■ Problem details
What you write should be an exact copy of the material, from its first line through the line containing "kudapy เดรสยาวคอเหลี่ยมตัวยูสีชมพู,สีขาว สีแดง,สีม่วง".
════════════════
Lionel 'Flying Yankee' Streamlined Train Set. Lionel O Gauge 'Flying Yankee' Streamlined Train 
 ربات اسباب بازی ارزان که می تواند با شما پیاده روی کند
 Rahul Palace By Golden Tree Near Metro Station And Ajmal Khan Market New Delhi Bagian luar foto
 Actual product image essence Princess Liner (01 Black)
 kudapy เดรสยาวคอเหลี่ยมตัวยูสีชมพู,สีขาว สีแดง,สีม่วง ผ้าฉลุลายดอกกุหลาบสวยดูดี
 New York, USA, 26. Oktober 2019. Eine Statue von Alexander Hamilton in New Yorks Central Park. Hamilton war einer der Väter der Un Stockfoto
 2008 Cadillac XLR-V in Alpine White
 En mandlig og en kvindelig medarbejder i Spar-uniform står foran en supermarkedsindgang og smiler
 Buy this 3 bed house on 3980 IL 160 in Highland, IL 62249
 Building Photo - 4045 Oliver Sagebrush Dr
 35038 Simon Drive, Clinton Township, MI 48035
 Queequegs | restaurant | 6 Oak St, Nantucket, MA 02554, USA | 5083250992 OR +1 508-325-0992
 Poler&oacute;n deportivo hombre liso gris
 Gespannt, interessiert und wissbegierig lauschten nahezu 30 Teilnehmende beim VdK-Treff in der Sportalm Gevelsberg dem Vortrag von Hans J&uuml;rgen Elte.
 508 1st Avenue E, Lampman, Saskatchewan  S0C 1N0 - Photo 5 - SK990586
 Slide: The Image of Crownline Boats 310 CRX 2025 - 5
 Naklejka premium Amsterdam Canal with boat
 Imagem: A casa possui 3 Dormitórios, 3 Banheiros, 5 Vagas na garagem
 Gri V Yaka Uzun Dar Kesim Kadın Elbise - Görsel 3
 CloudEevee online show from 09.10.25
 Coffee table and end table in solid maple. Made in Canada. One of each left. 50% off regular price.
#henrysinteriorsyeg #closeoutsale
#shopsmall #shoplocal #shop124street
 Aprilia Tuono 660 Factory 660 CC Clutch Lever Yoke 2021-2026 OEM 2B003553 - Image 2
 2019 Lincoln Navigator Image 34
════════════════
■ The completed task
Lionel 'Flying Yankee' Streamlined Train Set. Lionel O Gauge 'Flying Yankee' Streamlined Train 
 ربات اسباب بازی ارزان که می تواند با شما پیاده روی کند
 Rahul Palace By Golden Tree Near Metro Station And Ajmal Khan Market New Delhi Bagian luar foto
 Actual product image essence Princess Liner (01 Black)
 kudapy เดรสยาวคอเหลี่ยมตัวยูสีชมพู,สีขาว สีแดง,สีม่วง ผ้าฉลุลายดอกกุหลาบสวยดูดี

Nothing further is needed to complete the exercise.